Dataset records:

----

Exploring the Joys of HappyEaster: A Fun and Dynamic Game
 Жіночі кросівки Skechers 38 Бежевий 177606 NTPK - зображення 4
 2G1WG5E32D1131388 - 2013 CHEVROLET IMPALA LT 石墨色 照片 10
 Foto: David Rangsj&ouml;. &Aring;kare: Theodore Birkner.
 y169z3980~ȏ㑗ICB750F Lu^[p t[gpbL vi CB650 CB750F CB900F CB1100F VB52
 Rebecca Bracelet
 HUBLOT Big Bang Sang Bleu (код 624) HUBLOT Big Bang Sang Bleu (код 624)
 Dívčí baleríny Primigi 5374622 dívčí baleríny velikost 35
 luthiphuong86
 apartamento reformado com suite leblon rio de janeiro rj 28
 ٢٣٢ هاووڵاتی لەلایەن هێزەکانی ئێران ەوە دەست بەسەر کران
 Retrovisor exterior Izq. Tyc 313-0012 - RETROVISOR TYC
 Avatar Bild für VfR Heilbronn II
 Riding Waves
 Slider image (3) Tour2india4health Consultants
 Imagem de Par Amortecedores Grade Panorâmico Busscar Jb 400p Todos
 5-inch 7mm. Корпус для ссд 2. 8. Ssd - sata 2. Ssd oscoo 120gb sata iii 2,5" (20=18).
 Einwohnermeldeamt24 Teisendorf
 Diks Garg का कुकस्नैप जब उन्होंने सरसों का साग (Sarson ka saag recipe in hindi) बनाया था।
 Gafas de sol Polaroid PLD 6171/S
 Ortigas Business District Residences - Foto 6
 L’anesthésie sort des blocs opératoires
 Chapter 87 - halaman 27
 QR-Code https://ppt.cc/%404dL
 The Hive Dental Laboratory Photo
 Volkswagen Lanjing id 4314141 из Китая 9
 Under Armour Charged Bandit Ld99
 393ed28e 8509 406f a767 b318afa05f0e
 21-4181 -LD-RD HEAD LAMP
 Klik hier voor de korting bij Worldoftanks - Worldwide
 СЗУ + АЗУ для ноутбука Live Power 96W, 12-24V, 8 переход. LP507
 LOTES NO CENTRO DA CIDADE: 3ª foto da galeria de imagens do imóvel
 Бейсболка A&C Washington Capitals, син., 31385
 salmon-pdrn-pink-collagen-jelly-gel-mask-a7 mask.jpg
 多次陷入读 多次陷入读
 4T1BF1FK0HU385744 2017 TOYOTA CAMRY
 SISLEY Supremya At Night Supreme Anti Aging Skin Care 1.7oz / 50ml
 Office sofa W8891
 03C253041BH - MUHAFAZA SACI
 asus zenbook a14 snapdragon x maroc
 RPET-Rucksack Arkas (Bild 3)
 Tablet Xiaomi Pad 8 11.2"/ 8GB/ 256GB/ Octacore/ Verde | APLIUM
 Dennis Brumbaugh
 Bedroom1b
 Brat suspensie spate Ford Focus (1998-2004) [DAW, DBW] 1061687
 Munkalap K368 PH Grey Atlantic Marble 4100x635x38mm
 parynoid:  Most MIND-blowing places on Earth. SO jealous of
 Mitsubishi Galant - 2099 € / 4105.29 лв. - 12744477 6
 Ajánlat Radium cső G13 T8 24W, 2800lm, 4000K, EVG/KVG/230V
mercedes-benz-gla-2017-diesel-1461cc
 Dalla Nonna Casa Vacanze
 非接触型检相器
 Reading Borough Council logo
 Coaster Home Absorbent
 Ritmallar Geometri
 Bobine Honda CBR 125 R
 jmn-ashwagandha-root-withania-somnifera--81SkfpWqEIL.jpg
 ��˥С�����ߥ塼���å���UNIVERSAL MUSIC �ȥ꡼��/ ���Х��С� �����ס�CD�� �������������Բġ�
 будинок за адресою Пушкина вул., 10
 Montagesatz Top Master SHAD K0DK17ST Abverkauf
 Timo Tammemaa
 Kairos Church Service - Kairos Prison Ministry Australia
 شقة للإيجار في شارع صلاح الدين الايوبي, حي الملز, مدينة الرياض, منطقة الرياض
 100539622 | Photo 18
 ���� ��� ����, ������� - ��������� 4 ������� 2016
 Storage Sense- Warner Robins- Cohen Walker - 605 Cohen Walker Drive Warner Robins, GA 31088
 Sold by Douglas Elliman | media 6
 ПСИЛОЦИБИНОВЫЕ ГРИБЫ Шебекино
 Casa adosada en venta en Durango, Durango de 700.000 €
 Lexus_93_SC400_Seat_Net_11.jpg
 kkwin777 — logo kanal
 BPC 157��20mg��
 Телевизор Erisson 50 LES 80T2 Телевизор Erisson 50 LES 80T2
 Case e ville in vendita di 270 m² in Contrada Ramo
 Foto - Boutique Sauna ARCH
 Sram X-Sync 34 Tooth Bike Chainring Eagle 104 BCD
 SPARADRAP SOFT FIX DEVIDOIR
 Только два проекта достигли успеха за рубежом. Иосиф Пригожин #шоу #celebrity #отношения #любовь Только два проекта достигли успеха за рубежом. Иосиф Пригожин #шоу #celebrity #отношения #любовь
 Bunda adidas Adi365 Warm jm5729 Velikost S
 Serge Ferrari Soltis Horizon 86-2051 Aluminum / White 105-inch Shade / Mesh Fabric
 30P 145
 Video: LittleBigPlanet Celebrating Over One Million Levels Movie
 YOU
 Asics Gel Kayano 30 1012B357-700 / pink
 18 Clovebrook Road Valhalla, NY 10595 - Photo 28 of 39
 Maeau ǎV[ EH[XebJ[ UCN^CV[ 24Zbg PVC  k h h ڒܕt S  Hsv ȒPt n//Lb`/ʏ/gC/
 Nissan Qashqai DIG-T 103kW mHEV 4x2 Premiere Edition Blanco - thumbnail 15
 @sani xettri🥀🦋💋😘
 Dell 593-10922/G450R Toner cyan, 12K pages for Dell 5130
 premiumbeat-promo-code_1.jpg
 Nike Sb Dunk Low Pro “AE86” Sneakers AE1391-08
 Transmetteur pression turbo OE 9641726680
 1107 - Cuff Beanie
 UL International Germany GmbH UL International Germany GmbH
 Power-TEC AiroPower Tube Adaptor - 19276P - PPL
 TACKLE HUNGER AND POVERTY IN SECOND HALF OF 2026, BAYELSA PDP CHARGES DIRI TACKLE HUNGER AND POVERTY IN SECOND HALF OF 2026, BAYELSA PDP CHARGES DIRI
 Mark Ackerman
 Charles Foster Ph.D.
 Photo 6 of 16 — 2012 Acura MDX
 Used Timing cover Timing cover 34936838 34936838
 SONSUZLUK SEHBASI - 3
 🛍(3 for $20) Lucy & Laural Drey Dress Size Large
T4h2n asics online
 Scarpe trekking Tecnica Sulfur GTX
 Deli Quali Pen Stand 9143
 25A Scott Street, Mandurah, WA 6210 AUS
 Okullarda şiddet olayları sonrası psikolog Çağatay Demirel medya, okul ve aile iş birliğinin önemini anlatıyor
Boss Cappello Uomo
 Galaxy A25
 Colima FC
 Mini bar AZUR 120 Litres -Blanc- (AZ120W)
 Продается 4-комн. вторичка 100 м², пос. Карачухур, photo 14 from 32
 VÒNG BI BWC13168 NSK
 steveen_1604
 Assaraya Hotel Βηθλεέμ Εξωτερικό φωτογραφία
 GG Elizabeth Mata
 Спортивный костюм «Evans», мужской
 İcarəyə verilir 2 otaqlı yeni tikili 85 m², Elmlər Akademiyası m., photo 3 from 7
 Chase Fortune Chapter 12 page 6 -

----

TASK BRIEF:
Exact copies of all the entries above are required.

TASK OUTPUT:
Exploring the Joys of HappyEaster: A Fun and Dynamic Game
 Жіночі кросівки Skechers 38 Бежевий 177606 NTPK - зображення 4
 2G1WG5E32D1131388 - 2013 CHEVROLET IMPALA LT 石墨色 照片 10
 Foto: David Rangsj&ouml;. &Aring;kare: Theodore Birkner.
 y169z3980~ȏ㑗ICB750F Lu^[p t[gpbL vi CB650 CB750F CB900F CB1100F VB52
 Rebecca Bracelet
 HUBLOT Big Bang Sang Bleu (код 624) HUBLOT Big Bang Sang Bleu (код 624)
 Dívčí baleríny Primigi 5374622 dívčí baleríny velikost 35
 luthiphuong86
 apartamento reformado com suite leblon rio de janeiro rj 28
 ٢٣٢ هاووڵاتی لەلایەن هێزەکانی ئێران ەوە دەست بەسەر کران
 Retrovisor exterior Izq. Tyc 313-0012 - RETROVISOR TYC
 Avatar Bild für VfR Heilbronn II
 Riding Waves
 Slider image (3) Tour2india4health Consultants
 Imagem de Par Amortecedores Grade Panorâmico Busscar Jb 400p Todos
 5-inch 7mm. Корпус для ссд 2. 8. Ssd - sata 2. Ssd oscoo 120gb sata iii 2,5" (20=18).
 Einwohnermeldeamt24 Teisendorf
 Diks Garg का कुकस्नैप जब उन्होंने सरसों का साग (Sarson ka saag recipe in hindi) बनाया था।
 Gafas de sol Polaroid PLD 6171/S
 Ortigas Business District Residences - Foto 6
 L’anesthésie sort des blocs opératoires
 Chapter 87 - halaman 27
 QR-Code https://ppt.cc/%404dL
 The Hive Dental Laboratory Photo
 Volkswagen Lanjing id 4314141 из Китая 9
 Under Armour Charged Bandit Ld99
 393ed28e 8509 406f a767 b318afa05f0e
 21-4181 -LD-RD HEAD LAMP
 Klik hier voor de korting bij Worldoftanks - Worldwide
 СЗУ + АЗУ для ноутбука Live Power 96W, 12-24V, 8 переход. LP507
 LOTES NO CENTRO DA CIDADE: 3ª foto da galeria de imagens do imóvel
 Бейсболка A&C Washington Capitals, син., 31385
 salmon-pdrn-pink-collagen-jelly-gel-mask-a7 mask.jpg
 多次陷入读 多次陷入读
 4T1BF1FK0HU385744 2017 TOYOTA CAMRY
 SISLEY Supremya At Night Supreme Anti Aging Skin Care 1.7oz / 50ml
 Office sofa W8891
 03C253041BH - MUHAFAZA SACI
 asus zenbook a14 snapdragon x maroc
 RPET-Rucksack Arkas (Bild 3)
 Tablet Xiaomi Pad 8 11.2"/ 8GB/ 256GB/ Octacore/ Verde | APLIUM
 Dennis Brumbaugh
 Bedroom1b
 Brat suspensie spate Ford Focus (1998-2004) [DAW, DBW] 1061687
 Munkalap K368 PH Grey Atlantic Marble 4100x635x38mm
 parynoid:  Most MIND-blowing places on Earth. SO jealous of
 Mitsubishi Galant - 2099 € / 4105.29 лв. - 12744477 6
 Ajánlat Radium cső G13 T8 24W, 2800lm, 4000K, EVG/KVG/230V
mercedes-benz-gla-2017-diesel-1461cc
 Dalla Nonna Casa Vacanze
 非接触型检相器
 Reading Borough Council logo
 Coaster Home Absorbent
 Ritmallar Geometri
 Bobine Honda CBR 125 R
 jmn-ashwagandha-root-withania-somnifera--81SkfpWqEIL.jpg
 ��˥С�����ߥ塼���å���UNIVERSAL MUSIC �ȥ꡼��/ ���Х��С� �����ס�CD�� �������������Բġ�
 будинок за адресою Пушкина вул., 10
 Montagesatz Top Master SHAD K0DK17ST Abverkauf
 Timo Tammemaa
 Kairos Church Service - Kairos Prison Ministry Australia
 شقة للإيجار في شارع صلاح الدين الايوبي, حي الملز, مدينة الرياض, منطقة الرياض
 100539622 | Photo 18
 ���� ��� ����, ������� - ��������� 4 ������� 2016
 Storage Sense- Warner Robins- Cohen Walker - 605 Cohen Walker Drive Warner Robins, GA 31088
 Sold by Douglas Elliman | media 6
 ПСИЛОЦИБИНОВЫЕ ГРИБЫ Шебекино
 Casa adosada en venta en Durango, Durango de 700.000 €
 Lexus_93_SC400_Seat_Net_11.jpg
 kkwin777 — logo kanal
 BPC 157��20mg��
 Телевизор Erisson 50 LES 80T2 Телевизор Erisson 50 LES 80T2
 Case e ville in vendita di 270 m² in Contrada Ramo
 Foto - Boutique Sauna ARCH
 Sram X-Sync 34 Tooth Bike Chainring Eagle 104 BCD
 SPARADRAP SOFT FIX DEVIDOIR
 Только два проекта достигли успеха за рубежом. Иосиф Пригожин #шоу #celebrity #отношения #любовь Только два проекта достигли успеха за рубежом. Иосиф Пригожин #шоу #celebrity #отношения #любовь
 Bunda adidas Adi365 Warm jm5729 Velikost S
 Serge Ferrari Soltis Horizon 86-2051 Aluminum / White 105-inch Shade / Mesh Fabric
 30P 145
 Video: LittleBigPlanet Celebrating Over One Million Levels Movie
 YOU
 Asics Gel Kayano 30 1012B357-700 / pink
 18 Clovebrook Road Valhalla, NY 10595 - Photo 28 of 39
 Maeau ǎV[ EH[XebJ[ UCN^CV[ 24Zbg PVC  k h h ڒܕt S  Hsv ȒPt n//Lb`/ʏ/gC/
 Nissan Qashqai DIG-T 103kW mHEV 4x2 Premiere Edition Blanco - thumbnail 15
 @sani xettri🥀🦋💋😘
 Dell 593-10922/G450R Toner cyan, 12K pages for Dell 5130
 premiumbeat-promo-code_1.jpg
 Nike Sb Dunk Low Pro “AE86” Sneakers AE1391-08
 Transmetteur pression turbo OE 9641726680
 1107 - Cuff Beanie
 UL International Germany GmbH UL International Germany GmbH
 Power-TEC AiroPower Tube Adaptor - 19276P - PPL
 TACKLE HUNGER AND POVERTY IN SECOND HALF OF 2026, BAYELSA PDP CHARGES DIRI TACKLE HUNGER AND POVERTY IN SECOND HALF OF 2026, BAYELSA PDP CHARGES DIRI
 Mark Ackerman
 Charles Foster Ph.D.
 Photo 6 of 16 — 2012 Acura MDX
 Used Timing cover Timing cover 34936838 34936838
 SONSUZLUK SEHBASI - 3
 🛍(3 for $20) Lucy & Laural Drey Dress Size Large
T4h2n asics online
 Scarpe trekking Tecnica Sulfur GTX
 Deli Quali Pen Stand 9143
 25A Scott Street, Mandurah, WA 6210 AUS
 Okullarda şiddet olayları sonrası psikolog Çağatay Demirel medya, okul ve aile iş birliğinin önemini anlatıyor
Boss Cappello Uomo
 Galaxy A25
 Colima FC
 Mini bar AZUR 120 Litres -Blanc- (AZ120W)
 Продается 4-комн. вторичка 100 м², пос. Карачухур, photo 14 from 32
 VÒNG BI BWC13168 NSK
 steveen_1604
 Assaraya Hotel Βηθλεέμ Εξωτερικό φωτογραφία
 GG Elizabeth Mata
 Спортивный костюм «Evans», мужской
 İcarəyə verilir 2 otaqlı yeni tikili 85 m², Elmlər Akademiyası m., photo 3 from 7
 Chase Fortune Chapter 12 page 6 -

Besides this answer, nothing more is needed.